Machine Learning Task Types

  1. For each task below, classify it as supervised learning, unsupervised learning, or reinforcement learning. Briefly justify your answer.

    1. Predicting housing prices based on square footage, location, and number of rooms.
    2. Grouping customers based on purchasing behavior when no customer segments are known in advance.
    3. Classifying tumors as benign or malignant using historical diagnostic data.
    4. Training an agent to choose actions in a game based on rewards and penalties.
    5. Identifying unusual transactions that differ strongly from typical customer behavior.
  2. For each supervised learning task below, state whether it is a classification or regression problem.

    1. Predicting whether a loan application will be approved.
    2. Predicting the selling price of a house.
    3. Predicting whether a customer will subscribe to a term deposit.
    4. Predicting the number of doctor visits made by a patient in one year.
  3. Give one example of a problem where classification is more appropriate than regression, and one example where regression is more appropriate than classification.
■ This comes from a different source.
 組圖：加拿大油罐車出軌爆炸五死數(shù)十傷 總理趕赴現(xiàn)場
Explain your reasoning.

  4. What trade-offs may arise between interpretability and predictive performance when choosing a machine learning model?

Applied Scenarios

  1. An online retailer wants to predict whether a visitor will make a purchase during a website session. Describe how this problem would move through the Data Science Workflow from problem understanding to evaluation.
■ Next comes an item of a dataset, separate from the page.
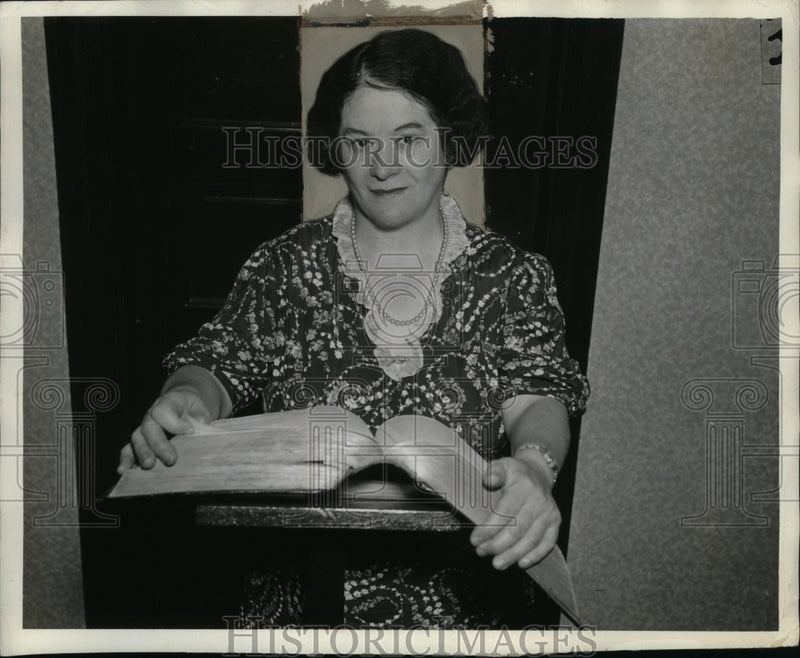 Load image into Gallery viewer, 1938 Press Photo Elizabeth Gratt - neo07827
  2. A team cleans the full dataset, scales all numerical variables, selects predictors using the full dataset, and only then splits the data into training and test sets. Explain why this workflow may lead to overly optimistic evaluation results.

  3. A university wants to identify students who may be at risk of dropping out. Describe the main decision that the analysis should support, the type of data that may be needed, and one ethical concern that should be considered.

  4. A company builds a churn prediction model with high accuracy, but managers do not understand how to use the predictions. Which stages of the Data Science Workflow may need to be revisited? Explain your answer.

Ethics and Reflection

  1. List three practices that data scientists can use to reduce algorithmic bias and promote fairness in predictive models.

  2. To what extent can the Data Science Workflow be automated? What risks may arise if too much of the workflow is automated without human judgment?

  3. How do transparency, explainability, and accountability influence trust in data science and machine learning systems?

  4. Reflect on your own learning: which part of the Data Science Workflow do you expect to find most challenging, and why?